● DATASET CONTENT:
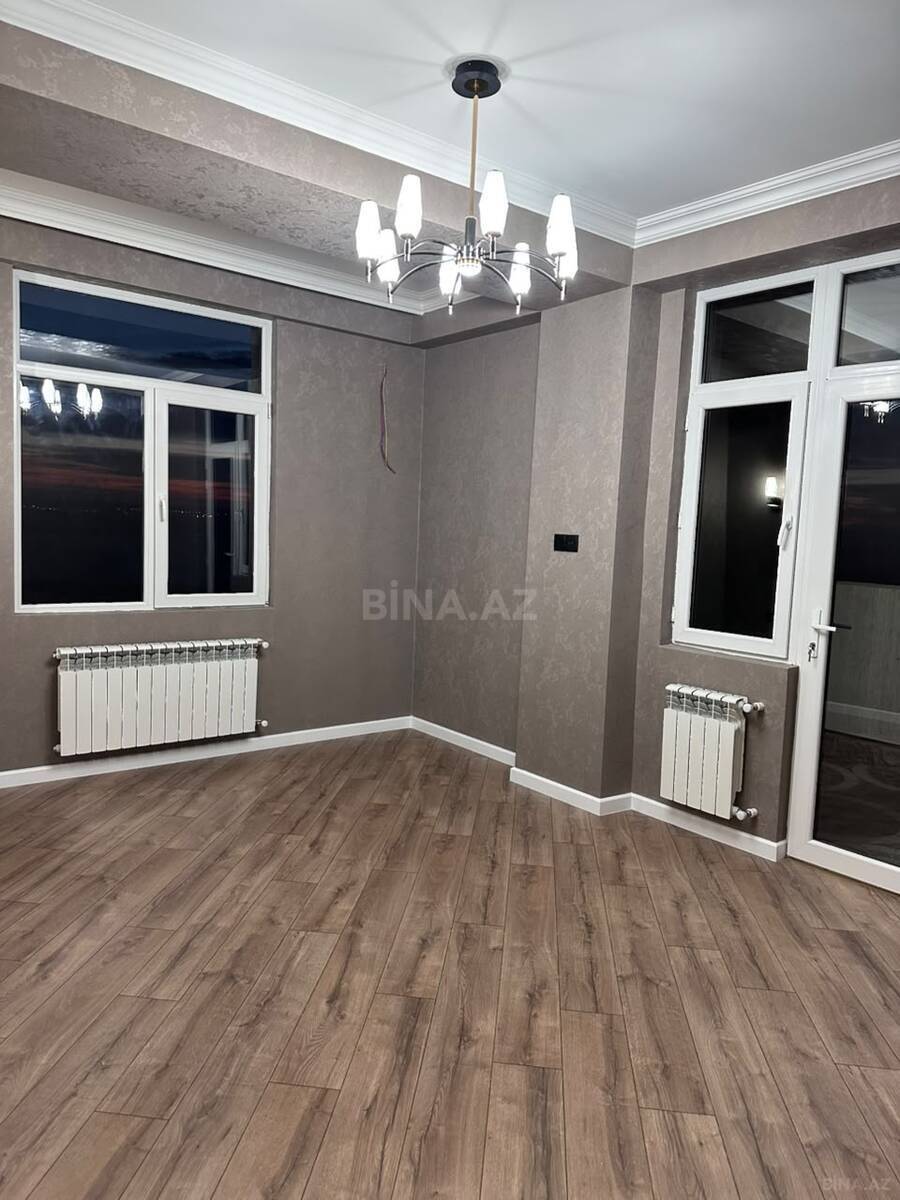 3 otaqlı Yeni tikili, Xırdalan
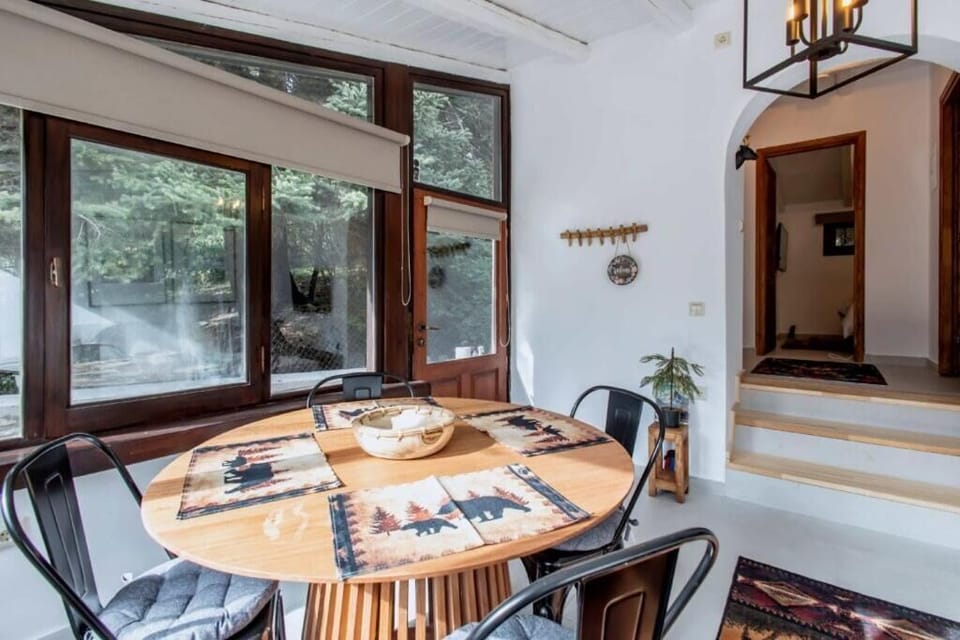 Deluxe Studio | Dining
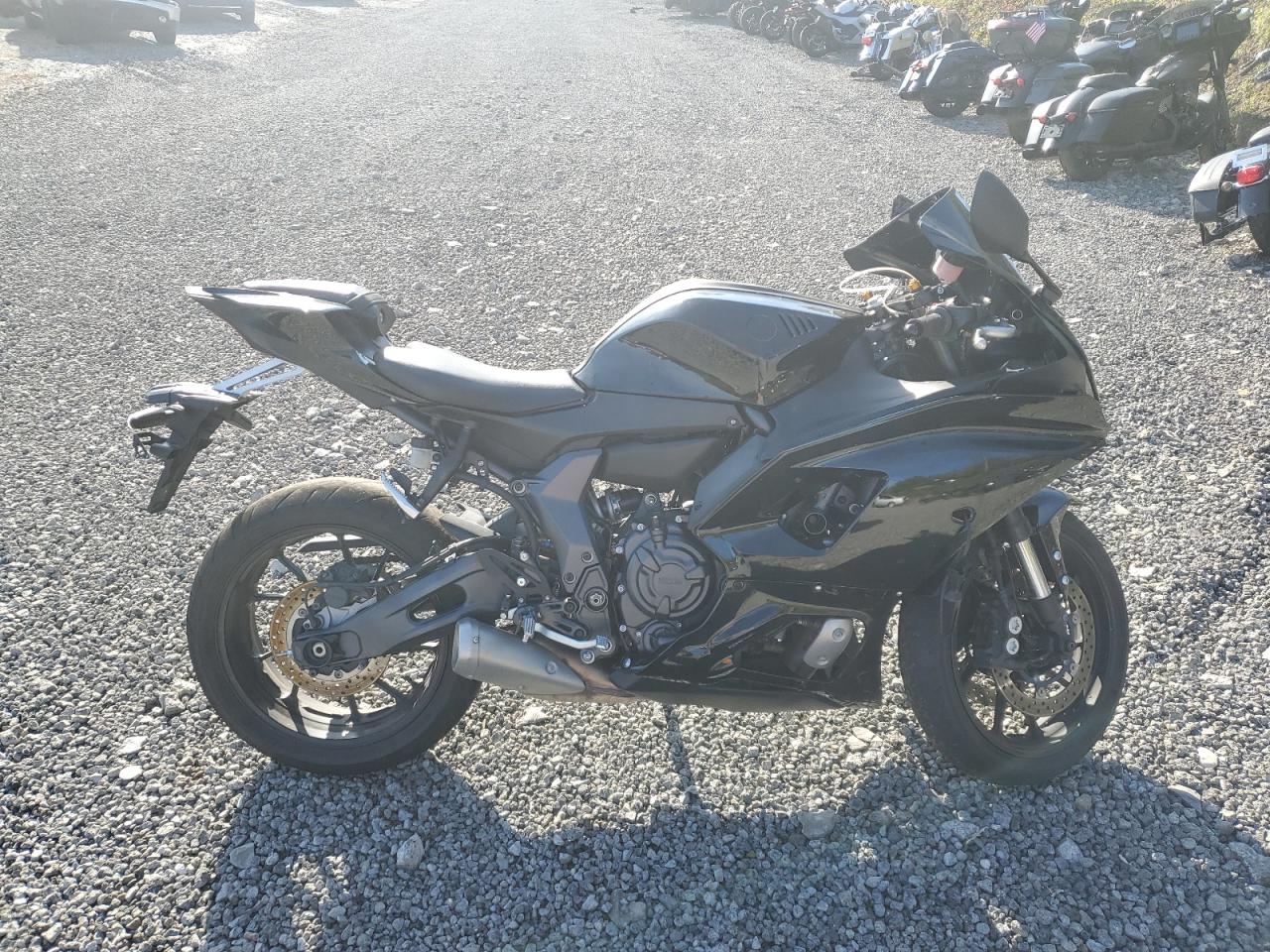 2023 Yamaha Yzfr7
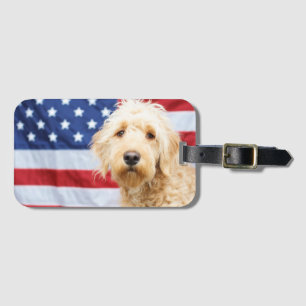 Goldendoodle med amerikansk Flagga Bagagebricka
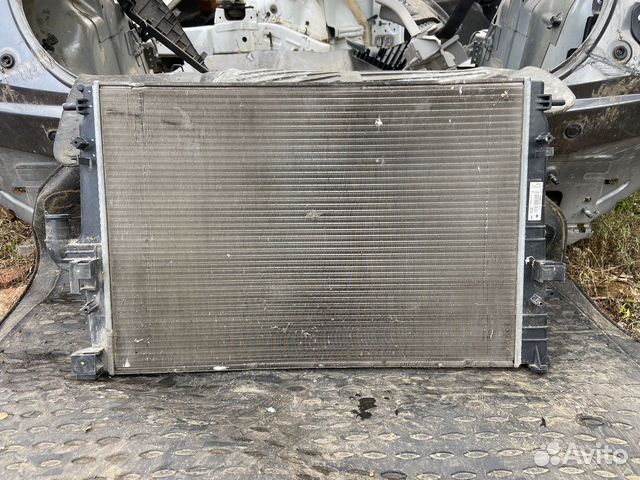 Радиатор охлаждения Renault Logan Largus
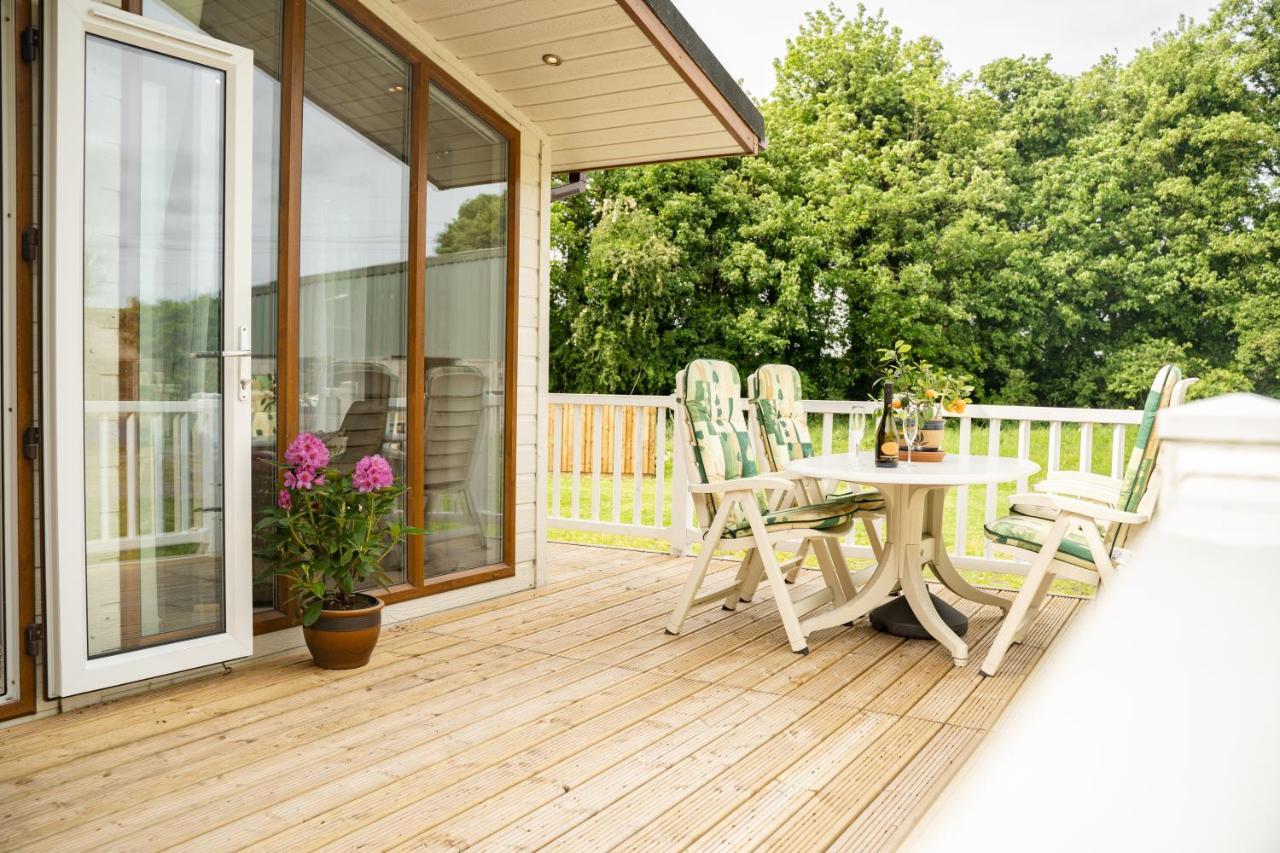 Pass The Keys The Lodge At Point House Farm - Sleeps Up To 6 Chester Buitenkant foto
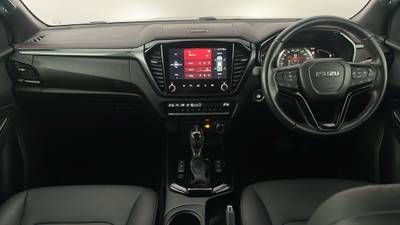 2024 Isuzu D-MAX interior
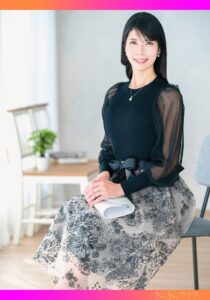 恥ずかしいのにイッちゃう!初めて体感する怒涛のピストンに純真妻は恥じらい昇天が止まらない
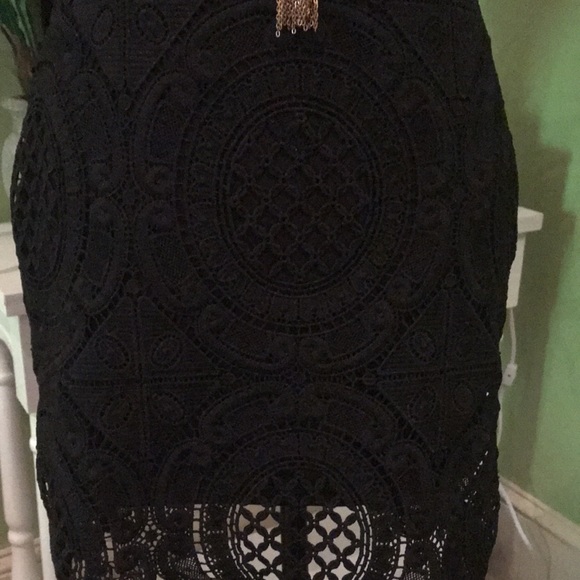 Black lace mini - Picture 3 of 5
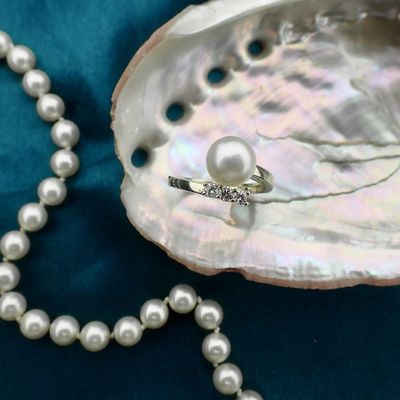 Gold ring with pearl and diamonds | 0.21 ct. Image 2 of Gold ring with pearl and diamonds | 0.21 ct.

● WHAT YOU HAVE TO DO: The needed output is the lines from the one with "Радиатор охлаждения Renault Logan Largus" through the end of the listing, written out exactly, both ends included, pictures excluded.

● RESPONSE TO THIS EXERCISE:
 Радиатор охлаждения Renault Logan Largus
 Pass The Keys The Lodge At Point House Farm - Sleeps Up To 6 Chester Buitenkant foto
 2024 Isuzu D-MAX interior
 恥ずかしいのにイッちゃう!初めて体感する怒涛のピストンに純真妻は恥じらい昇天が止まらない
 Black lace mini - Picture 3 of 5
 Gold ring with pearl and diamonds | 0.21 ct. Image 2 of Gold ring with pearl and diamonds | 0.21 ct.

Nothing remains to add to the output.